■ **Problem details**
Provide a verbatim copy of all the records below, leaving the images out.

■ **Information**
--- START ---
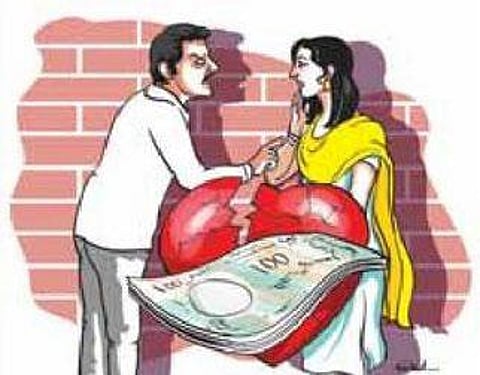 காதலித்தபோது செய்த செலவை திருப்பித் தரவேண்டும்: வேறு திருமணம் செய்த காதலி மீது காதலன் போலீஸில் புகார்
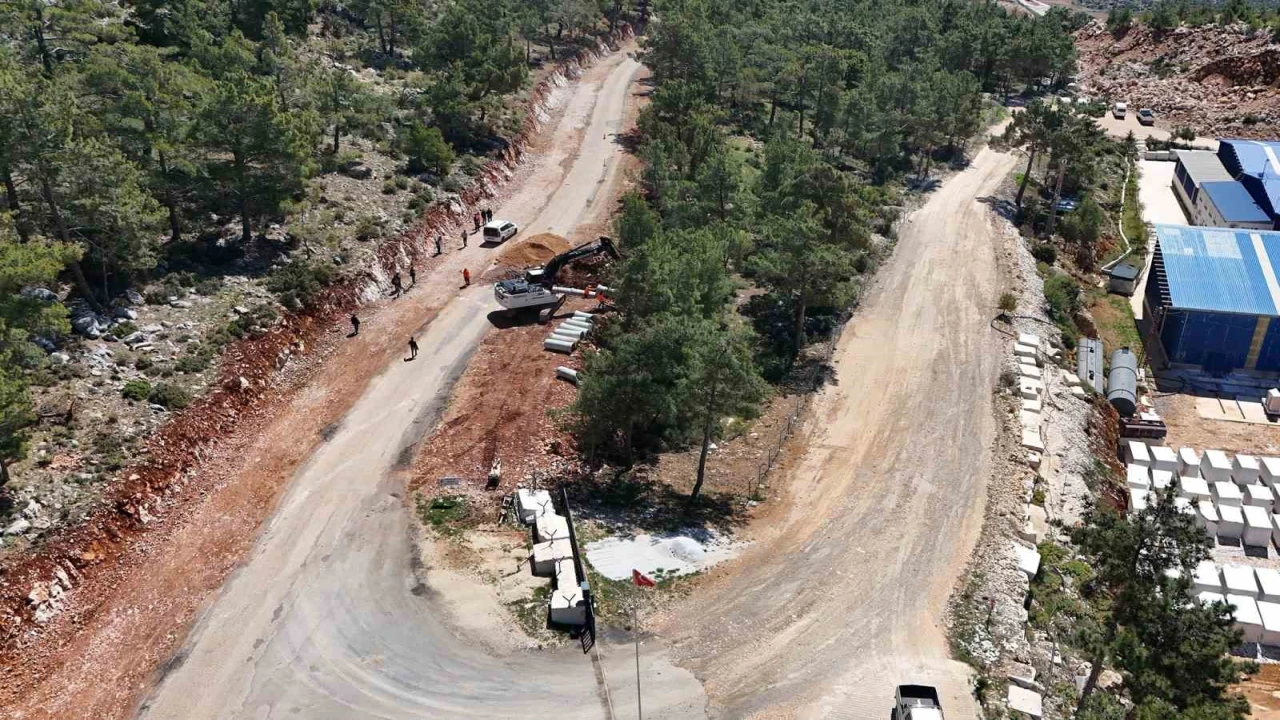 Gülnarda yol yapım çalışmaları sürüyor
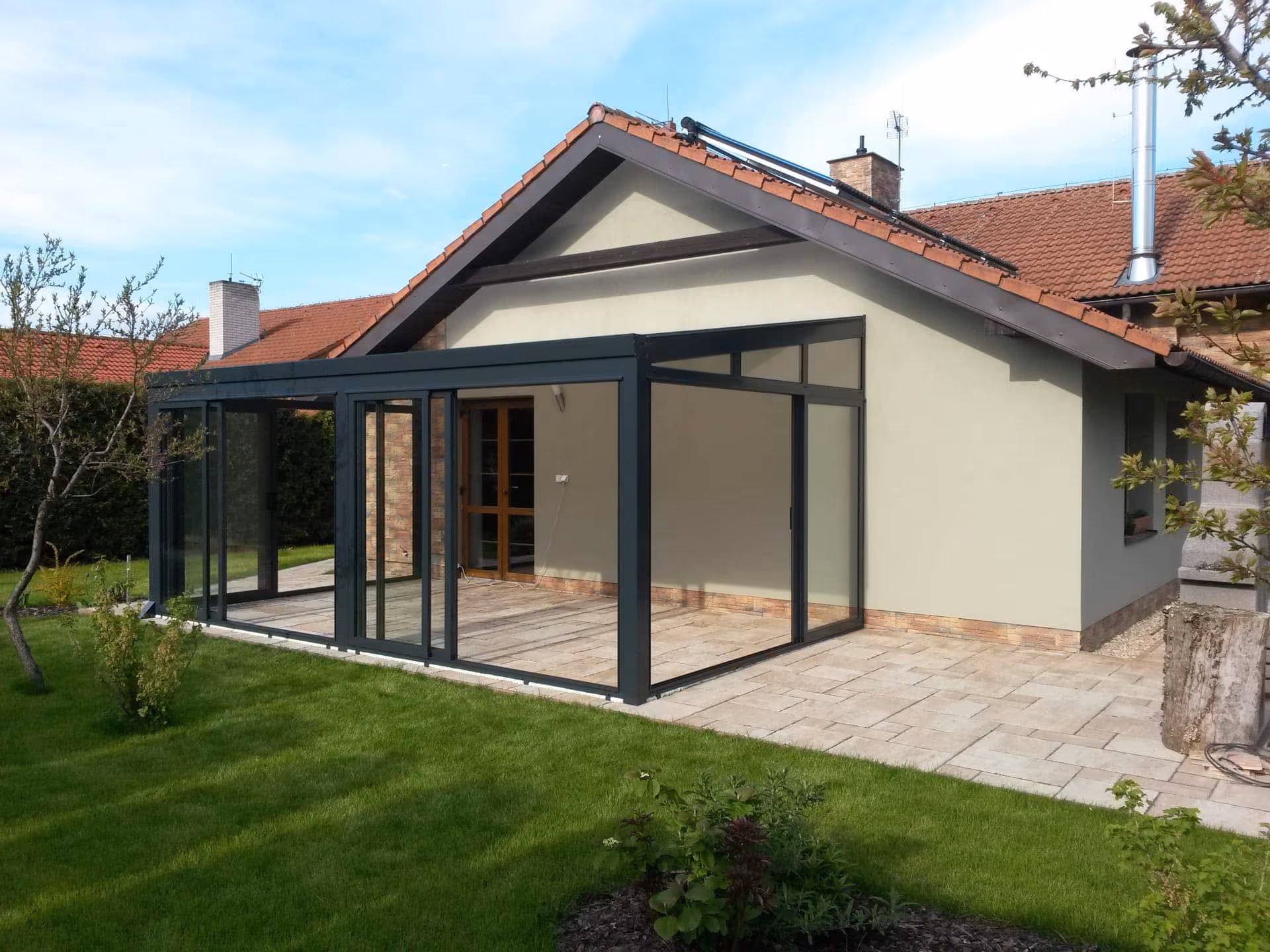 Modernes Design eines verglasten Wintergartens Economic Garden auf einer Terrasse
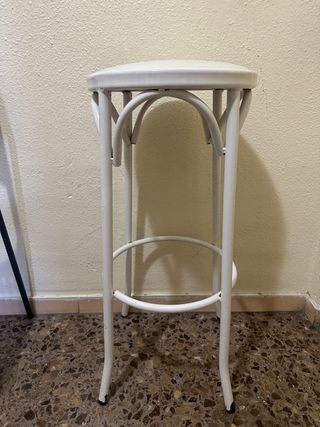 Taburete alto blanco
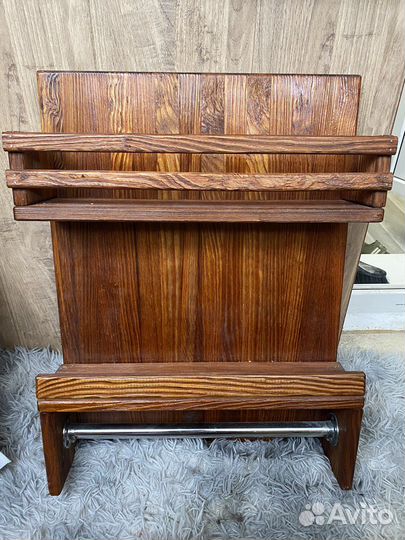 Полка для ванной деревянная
--- END ---
■ **Solved exercise**
 காதலித்தபோது செய்த செலவை திருப்பித் தரவேண்டும்: வேறு திருமணம் செய்த காதலி மீது காதலன் போலீஸில் புகார்
 Gülnarda yol yapım çalışmaları sürüyor
 Modernes Design eines verglasten Wintergartens Economic Garden auf einer Terrasse
 Taburete alto blanco
 Полка для ванной деревянная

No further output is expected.